### ACTION ITEM
The lines from the one holding "Man touching his" through the end of the records below are to be written out exactly, and nothing else; pictures are to be left out.

=== Begin Enclosure ===

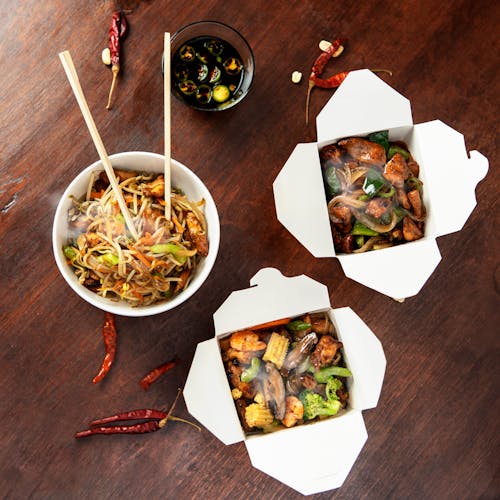 Chinese food in boxes on a wooden table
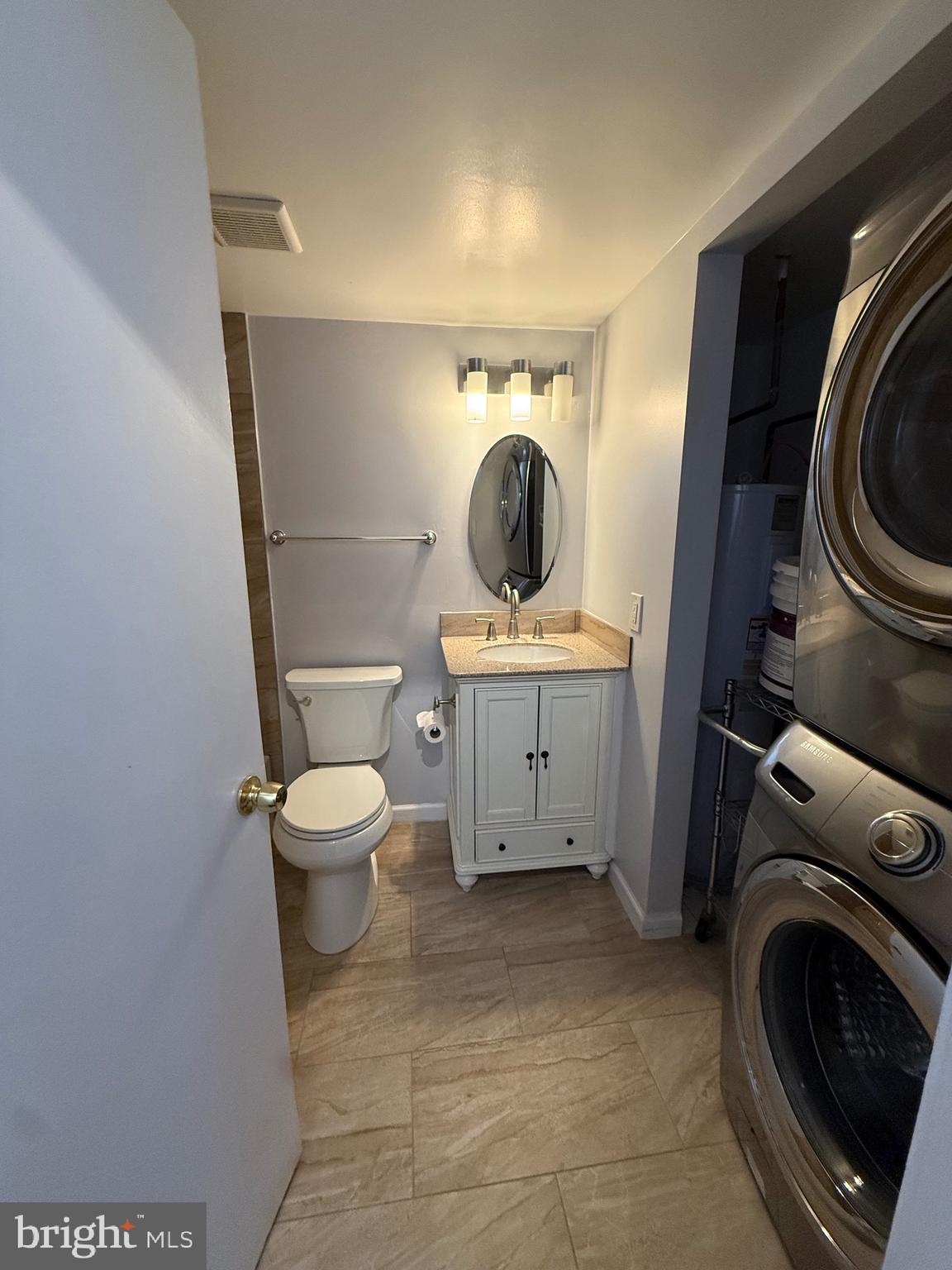 12702 Veirs Mill Road, Unit 51301 Rockville, MD 20853 - Photo 21 of 26 a bathroom with a toilet and a sink
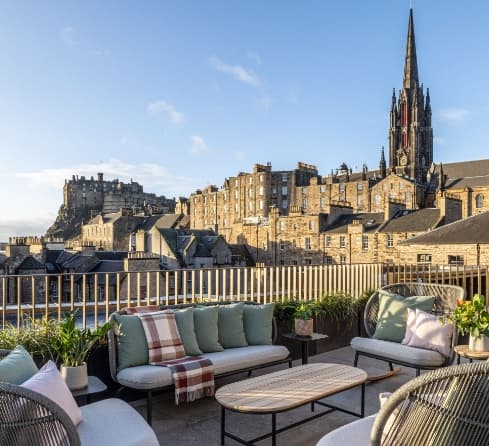 The Oculus Lounge at Virgin Hotels Edinburgh featuring a restored 19th-century glass dome and circular seating.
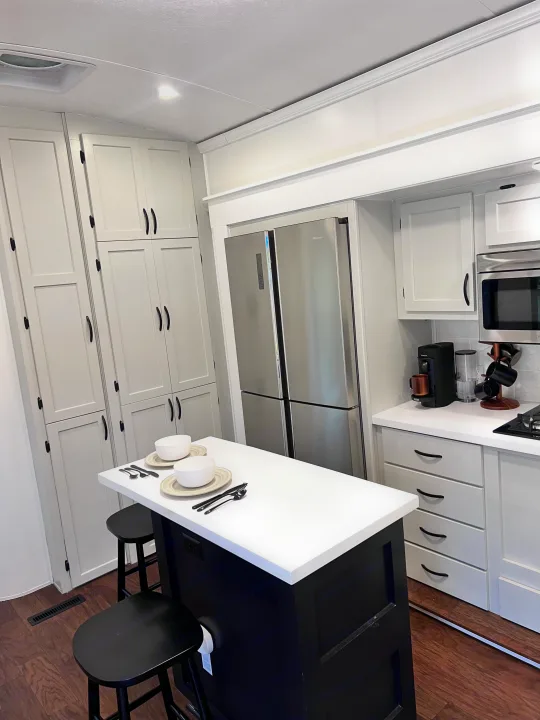 Modern RV rental kitchen showcasing light gray cabinets, a Hisense fridge, and a black island with white top, set for two.. Keystone RV Montana 2015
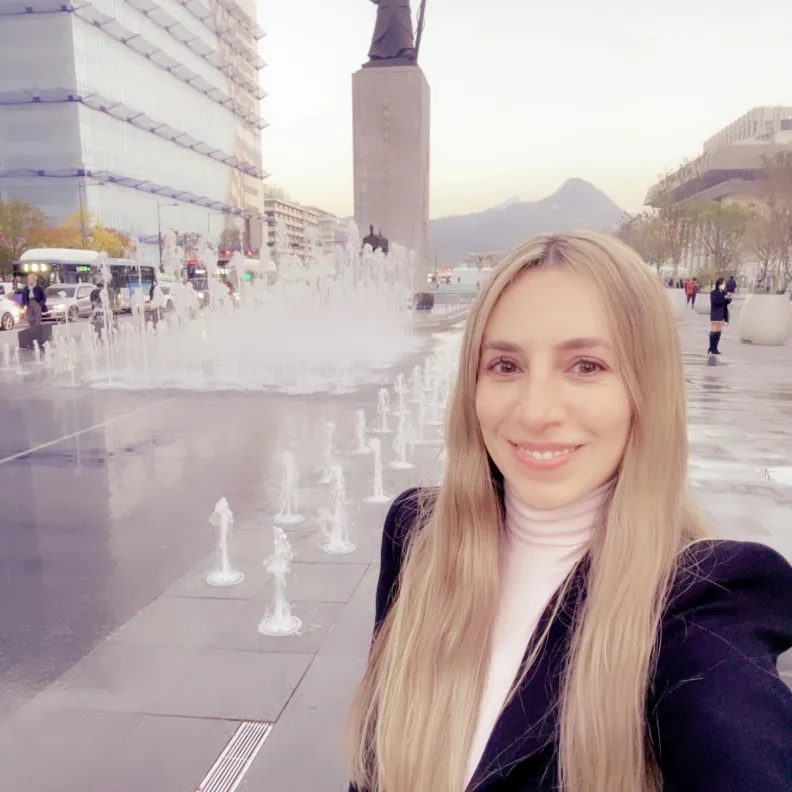 A woman stands in front of a water fountain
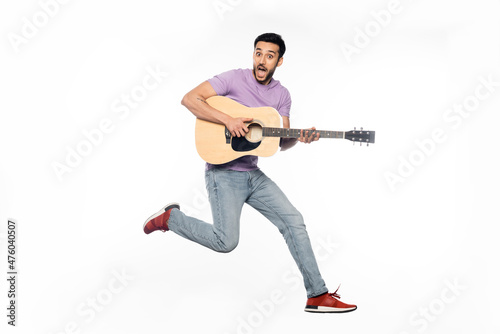 amazed man in jeans and purple t-shirt levitating while playing acoustic guitar on white.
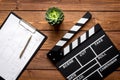 Screenwriter desktop with movie clapper board wooden background top view Royalty Free Stock Photo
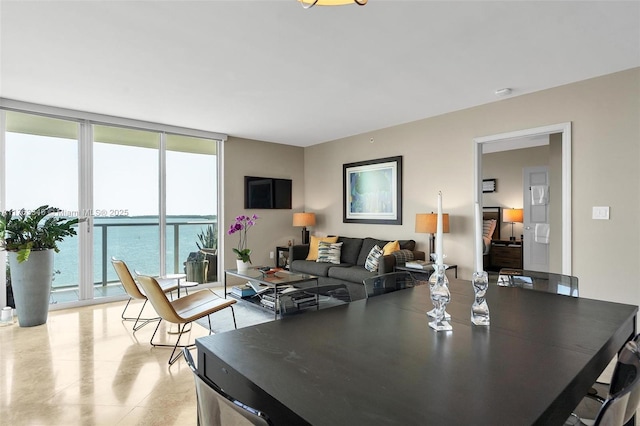 dining room featuring floor to ceiling windows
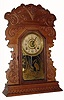 C.1900, E. N. Welch Mfg. Co., 8-day time/strike/alarm oak case gingerbread shelf clock in clean condition with original dial, hands, pendulum and tablet. 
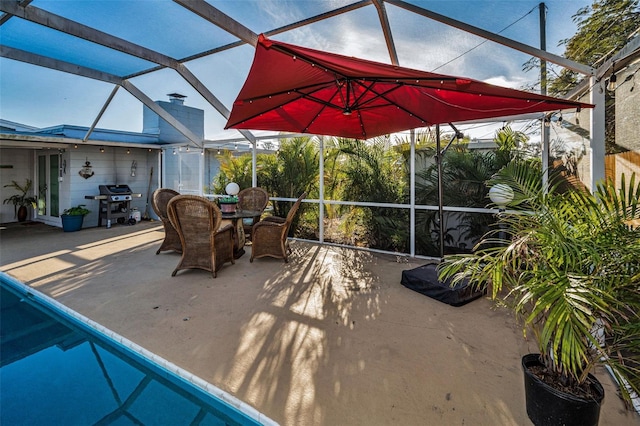 view of patio / terrace featuring glass enclosure and a grill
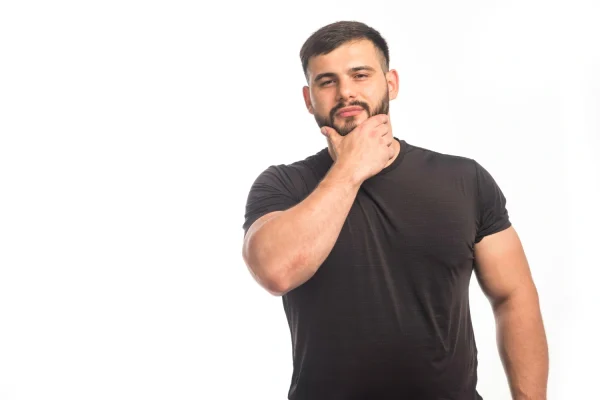 Man touching his chin and jawline while considering chin liposuction procedure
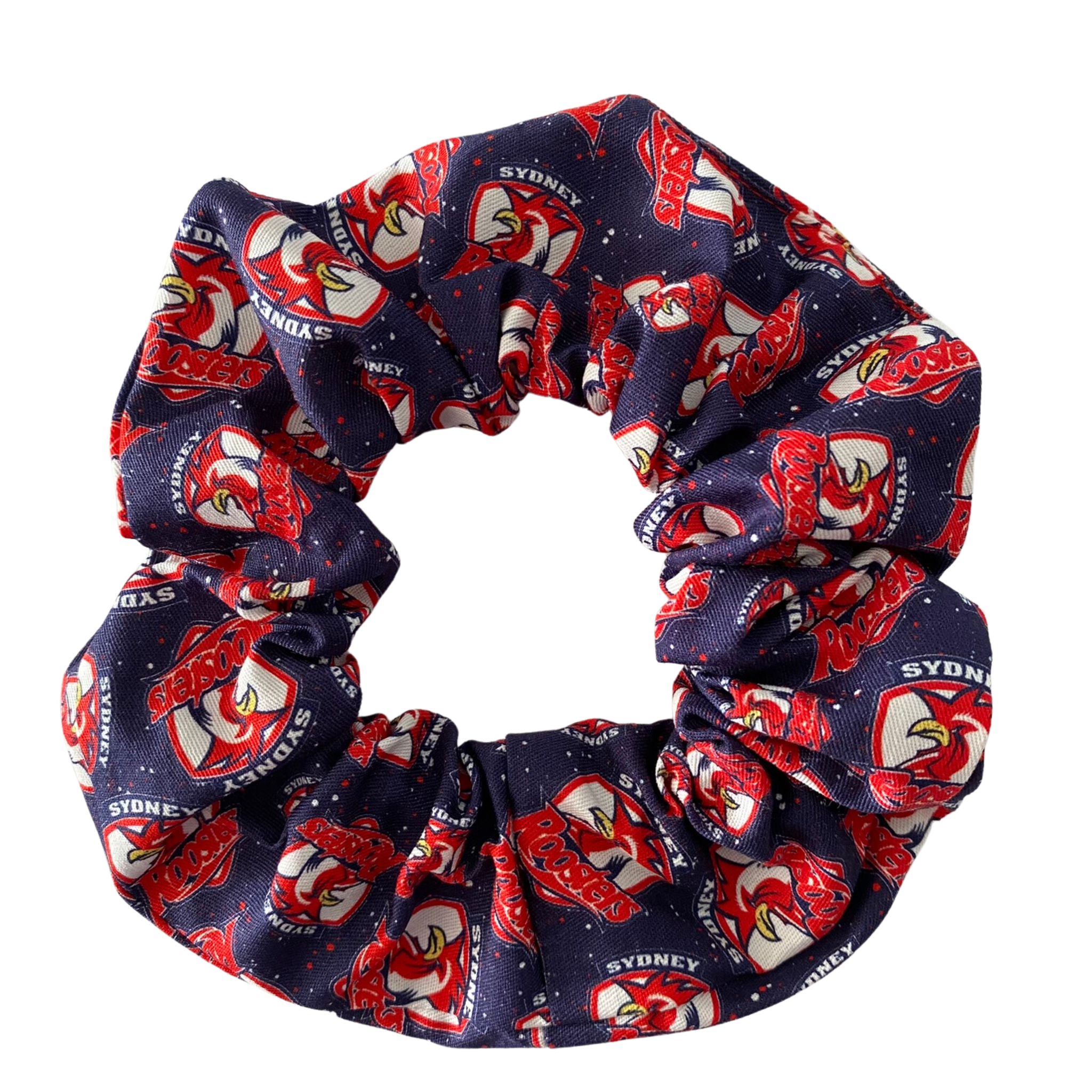 A scrunchie hair tie handmade with cotton woven fabric with images of the Sydney Roosters rugby league team.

=== End Enclosure ===

### ANSWER SECTION
 Man touching his chin and jawline while considering chin liposuction procedure
 A scrunchie hair tie handmade with cotton woven fabric with images of the Sydney Roosters rugby league team.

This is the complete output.